I'm glad you're pleased. They're just ludicrously fast for something that size, and yet, the one I was in was still very, very, quiet unless the driver really booted it when it got all snarly.

I have to say, I've NEVER had anyone try to race me. And that's in some pretty exotic stuff.

I saw a great (but obviously very irresponsible) sticker on the back of a Lamborghini the other week - "I've outrun the West Midlands Police Helicopter".


----------



## davelincs (Jan 1, 2010)

A good buy by the sounds of it Halo, and a very nice looking car , I still think they look better than the new xf/ xj designs jaguar have brought out


----------



## Spandex (Feb 20, 2009)

Halo said:


> a particularly drenched section of the M1 reminded me of how good 4 wheel drive is


I really hope your 4wd isn't kicking in on a motorway, whatever the weather!


----------



## Wallsendmag (Feb 12, 2004)

Spandex said:


> Halo said:
> 
> 
> > a particularly drenched section of the M1 reminded me of how good 4 wheel drive is
> ...


I'm sure Mals was last night, we were fighting against the tide in Yorkshire.


----------



## Halo (Feb 1, 2012)

Fear not chaps, I am a responsible driver in the wet and generally. Insane how a couple of people were just tanking it, undertaking and all without any lights on the M1 in utterly atrocious, torrential rain. Tools indeed. The Jag felt OK though.

I've taken it out a little more and played with the sat nav. From the sounds you get when you approach a turn-off you need to take, one can just tell it was designed for the American market! Only fly in the ointment is that Prescott had two of them!


----------



## Pugwash69 (Jun 12, 2012)

I must be doing midlife all wrong. [smiley=book2.gif] I've hit 40 and decided to learn to drive a car. I'd rather shove wasps up my bottom than sell my bike though.


----------



## Spandex (Feb 20, 2009)

Halo said:


> Fear not chaps, I am a responsible driver in the wet and generally. Insane how a couple of people were just tanking it, undertaking and all without any lights on the M1 in utterly atrocious, torrential rain. Tools indeed. The Jag felt OK though.

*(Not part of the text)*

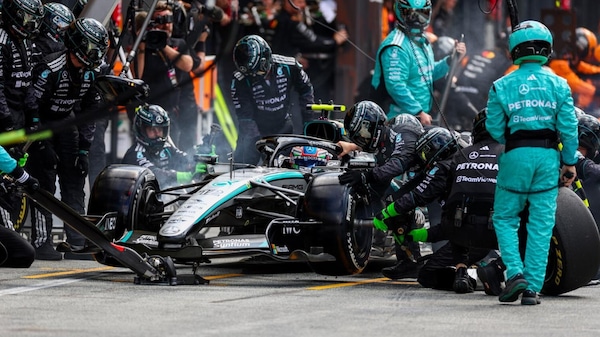 Kimi, nuovo motore a Monza. Wolff: "L'algoritmo non tiene conto della nazionalità"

Just to be clear, I wasn't saying you're irresponsible in the wet - just that to get the haldex to kick in, you need to either accelerate hard or corner hard (enough that the front end slips). Neither of those things are possible at motorway speeds on long straight roads.

If you aquaplaned enough for it to happen, I think the sudden transfer of power to the rear would probably put you off the road, not save you.


----------



## Halo (Feb 1, 2012)

Thanks for the clarification Spandex. I am admittedly not the most car savy person on the planet when talking 'under the bonnet' things so always good to know more.


----------



## CWM3 (Mar 4, 2012)

My brother bought one of these when it was 3 years old and had done 18K miles, had dumped 40K of depreciation over that 3 years!!!, lovely car great in a straight line and very quick for a comfy armchair, kept it a few years and it dropped another 13K, its the only thing that drains faster than the fuel tank. But at 6K thats all history now

bends..just leave them to other cars  .

You've got what was a very expensive car for little money, a great pickup and enjoy.

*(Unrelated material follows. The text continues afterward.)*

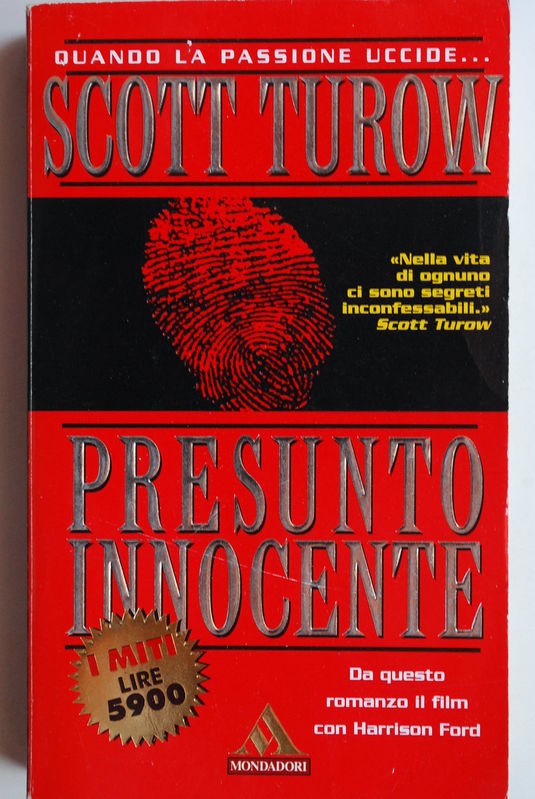 Presunto - innocente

At the end of the day the most you can lose is under 6K if it goes pop, thats less than a Mondeo does in year 1, and I know where I would rather be sitting.


----------



## Halo (Feb 1, 2012)

You hit the nail on the head CWM3. I used a bit of logic for once where cars are concerned and I believe I have some heavy metal for the money. Insurance is expensive but like so many have said on this board, you can't take it with you. Got to live a little and given I will be 40 on Saturday find that I am being called 'OMJ' a bit already - Old Man Jag!


----------



## CWM3 (Mar 4, 2012)

Halo said:


> You hit the nail on the head CWM3. I used a bit of logic for once where cars are concerned and I believe I have some heavy metal for the money. Insurance is expensive but like so many have said on this board, you can't take it with you. Got to live a little and given I will be 40 on Saturday find that I am being called 'OMJ' a bit already - Old Man Jag!

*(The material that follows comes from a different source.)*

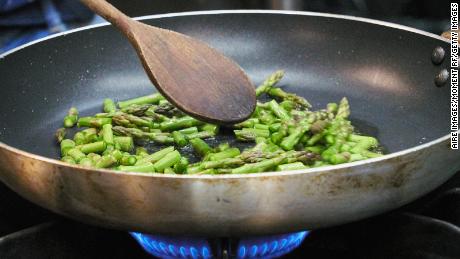 PFAS are used to create nonstick surfaces including cookware. Experts suggest using stainless, ceramic or glass instead.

Agreed Halo, I swapped the wifes 3 Series recently for a Volvo, I think I have involuntarily given her an early mid life crisis


----------



## Kell (May 28, 2002)

Halo said:


> I will be 40 on Saturday


Me too...

I've not gone for a Jag yet though...


----------



## Halo (Feb 1, 2012)

OMG! Just gone through the full set of receipts I inherited for the car over the years - servicing, tyres etc. In the 4 years the previous owner had the vehicle, he spent just short of £9k on looking after the car [smiley=bigcry.gif] Lucky me now as I (fingers crossed!) should have a car that runs as perfectly as it looks with very little to do  New tyres, brakes, pads etc. etc. Absolutely stunned at how much money some people spend on looking after their cars. Apologies but my TT has never been looked after to that extent :roll:


----------



## Wallsendmag (Feb 12, 2004)

Halo said:


> Lucky me now as I (fingers crossed!) should have a car that runs as perfectly as it looks with very little to do


Yeah right :roll:


----------



## vwcheung (May 19, 2010)

Midlife crisis and your talking about a JAG ! are you insane?? Im still toying with a 911 or R8 V10, what a crisis I have!


----------



## Halo (Feb 1, 2012)

vwcheung, I would add a Nissan GT-R to your 'crisis' list! I mulled one of those over but unfortunately my finances can't stretch that far [smiley=bigcry.gif]


----------



## vwcheung (May 19, 2010)

Halo said:


> vwcheung, I would add a Nissan GT-R to your 'crisis' list! I mulled one of those over but unfortunately my finances can't stretch that far [smiley=bigcry.gif]


Lol nah did test drive one with my mate who eventually bought one a couple months ago, its been in the garage loads with problems! lol Jap crap!
I still cant decide what to do though


----------